July 12, 2004

Character and the Campaign

The Evidence behind the Character Themes

When stories did convey one of the narrative themes about the candidates, what was the evidence cited?

The answer reveals the extent to which political reporting today is a game of interpretation as much as one of verification.

Stories were nearly as likely to offer no evidence for these interpretative themes about the candidates as they were to cite something concrete-be it public record, policy, recent candidate statements or the like.

Evidence for the Themes
Type of Evidence Percent
None
44%
Public Record/Management
42
Outside Statement
9
Tactics/Personal Behavior
5
Total
100%

In all, 44% of the time reporters cited no evidence. In other words, the journalist just took it upon himself or herself to assert this.

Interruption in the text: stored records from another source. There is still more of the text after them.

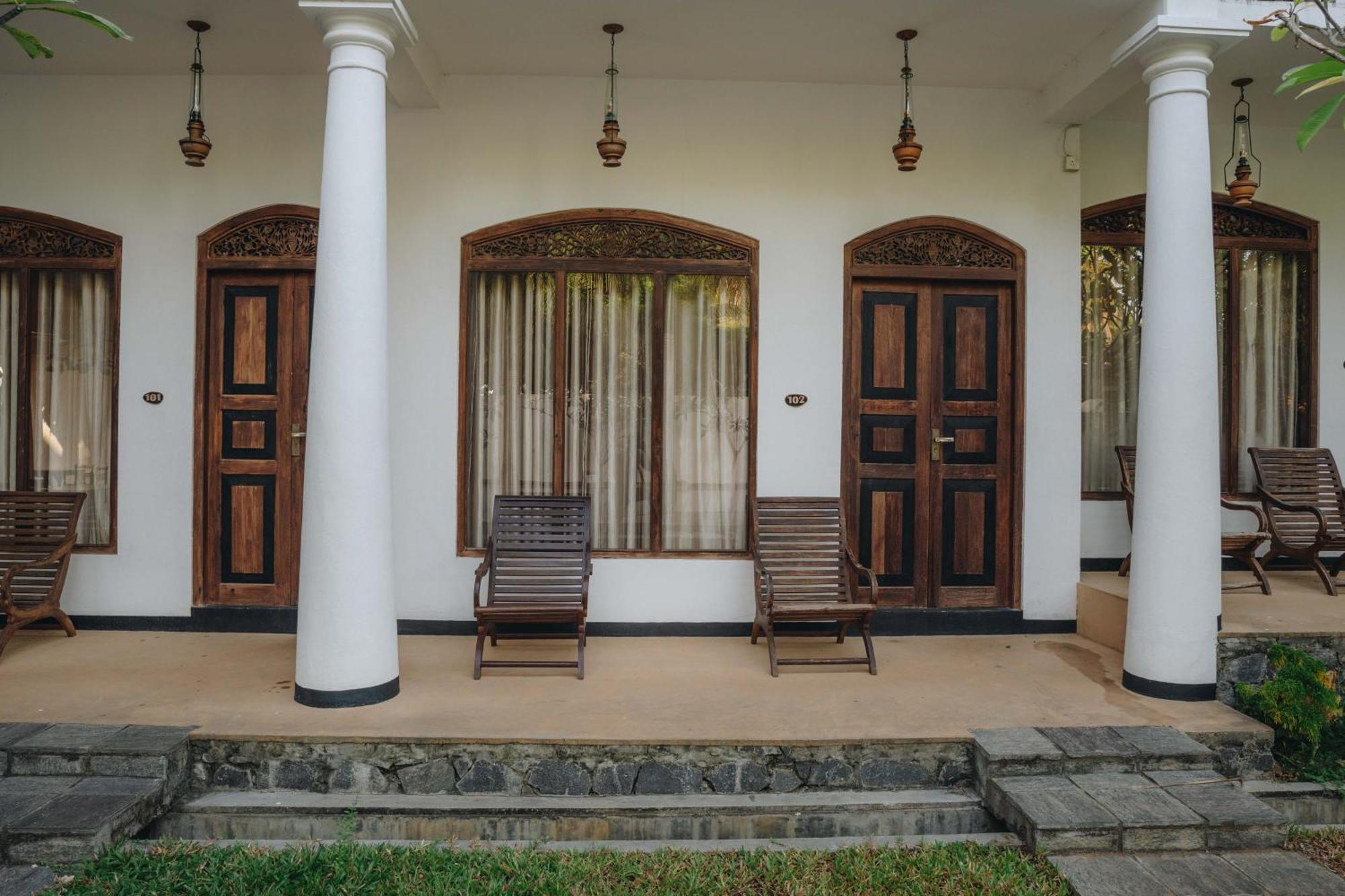 Yala Oga Reach Hotel Tissamaharama Esterno foto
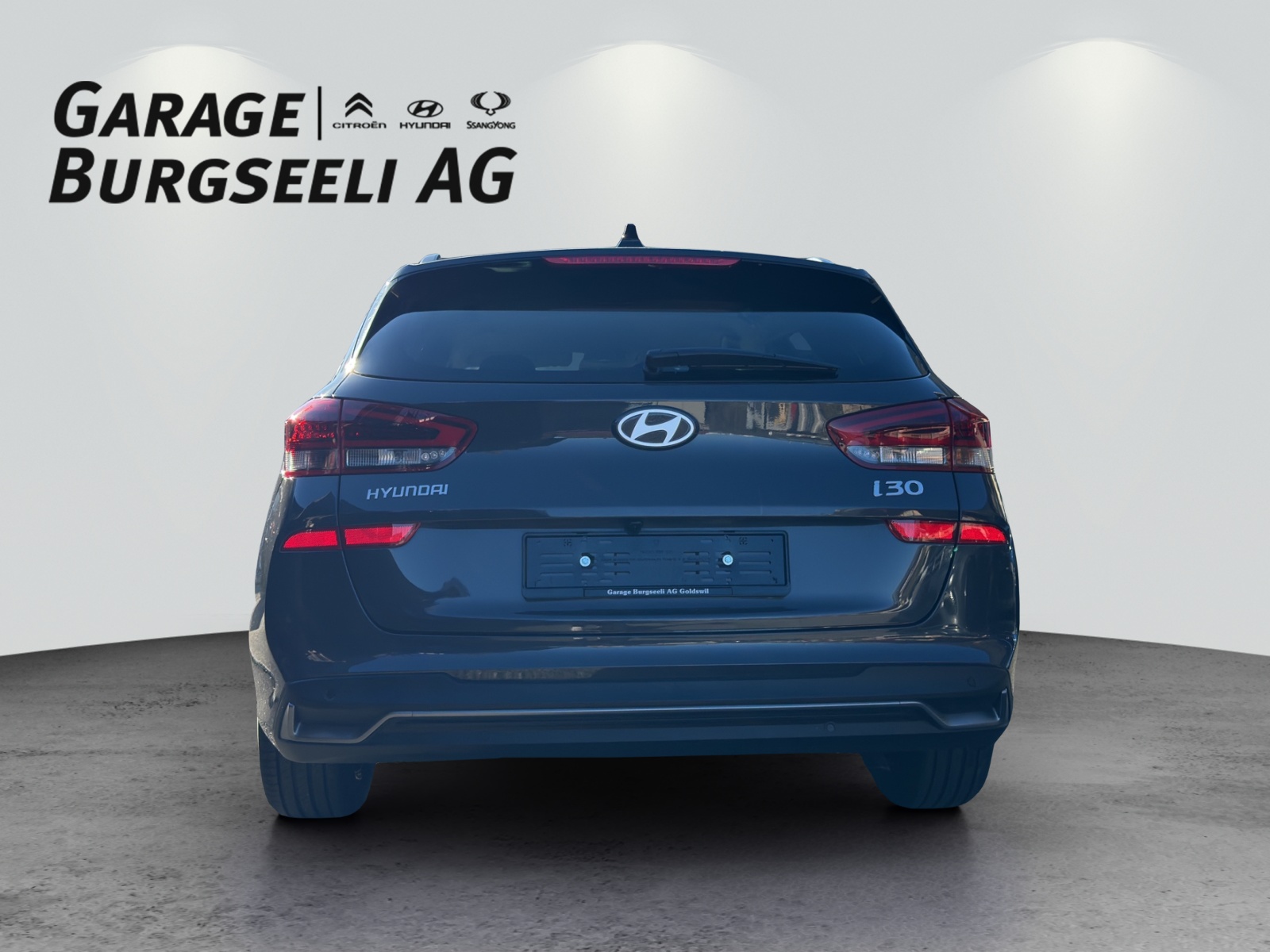 HYUNDAI i30 Wagon 1.5 T-GDi Amplia 48V MH DCT-image-4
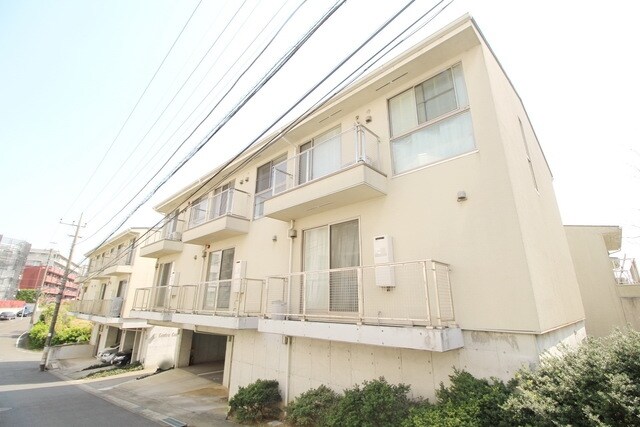 Ｃｅｎｔｒｅ　Ｃｏｕｒｔの物件外観写真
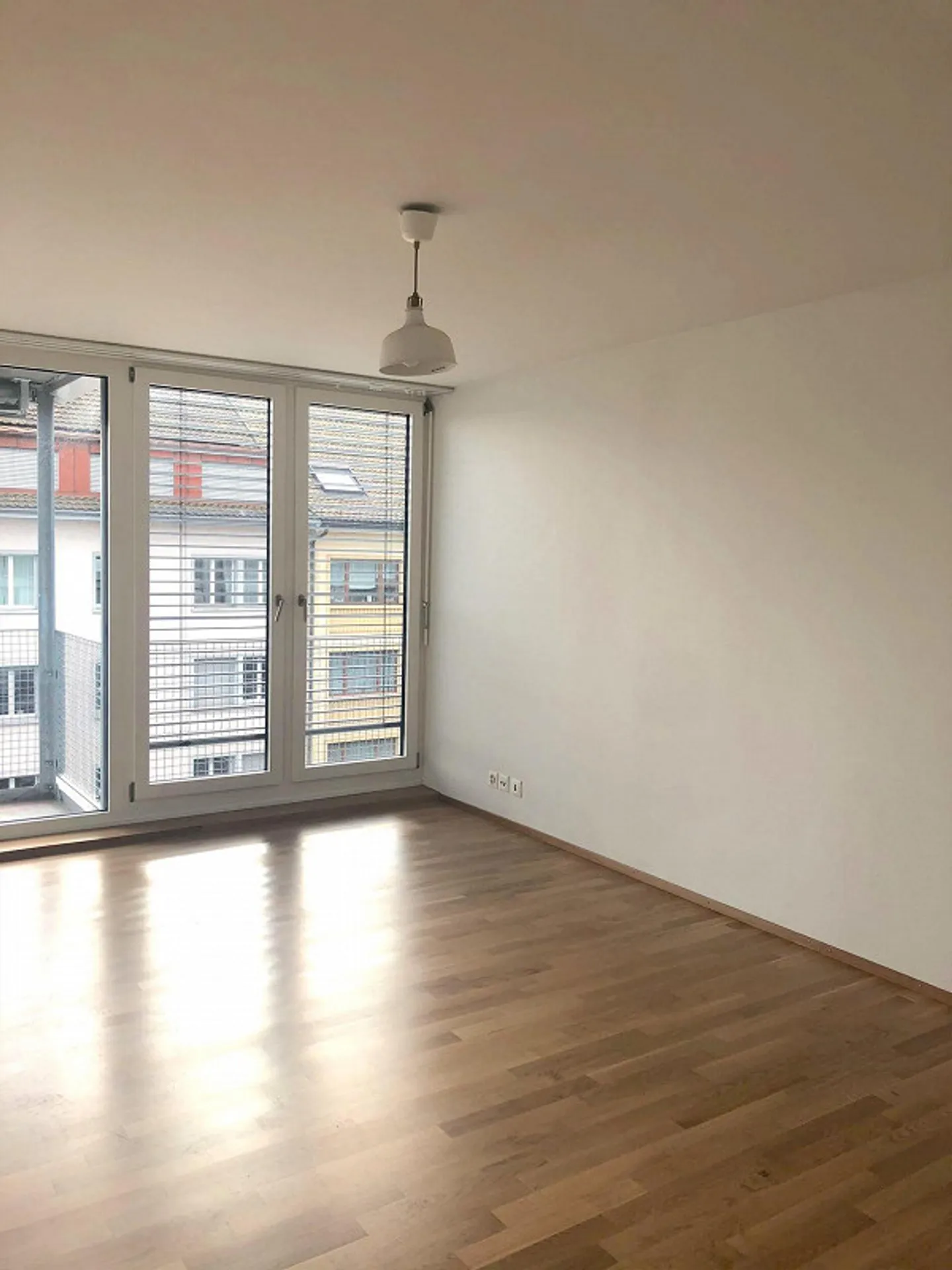 Appartamento da sogno di 1,5 stanze con balcone in posizione centrale - Foto 5 di 10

When evidence of some kind was cited, most often (42%) it was public record, recent candidate statements, policy positions or the candidate's management style. Another 9% of the time it was merely journalists quoting someone asserting this, either a poll or campaign surrogate or an attack by an opponent. The other five percent of assertions were based either on campaign tactics and fundraising or personal behavior of the candidate.

These breakdowns, however, varied, depending on the theme.

The theme most likely to be put forth with no evidence whatsoever was Bush as a strong and decisive leader. More than half, 57%, of those assertions (again mostly put forth by Bush campaign surrogates) offered no evidence. Just 26% used some hard evidence tied to Bush's record or management style.

The Kerry campaign offered more evidence in pushing the image of Kerry as a tough guy, but that evidence was not necessarily tied to his public record. Instead it was a mix of public record and management style (31% combined), statements by past personal friends (12%) and his ad strategy or other campaign tactics (10%).

The negative messages, in general, were more grounded in hard evidence of public record. Half of all references to Kerry as very liberal linked to his public record (keep in mind, though, that some references to public record, especially in the opponent's ad campaigns can be disputed).

That was true of 42% of the assertions about Kerry's problem of changing his decision, 45% of the claims that Bush's credibility is in question and 46% of the claims that Bush is arrogant.

What elements of each candidate's record were used as evidence? The scope was relatively narrow. Terrorism preparedness and war in Iraq (not surprisingly) were the primary focus of Bush's record, together accounting for roughly seven-in-ten references to his public record. And when it came to Kerry, the focus was on past tax votes and his remarks on gas pricing, 41% of all evidences of public record. The others were a mix of Vietnam experience, his vote on the support for the war with Iraq, his defense record and others.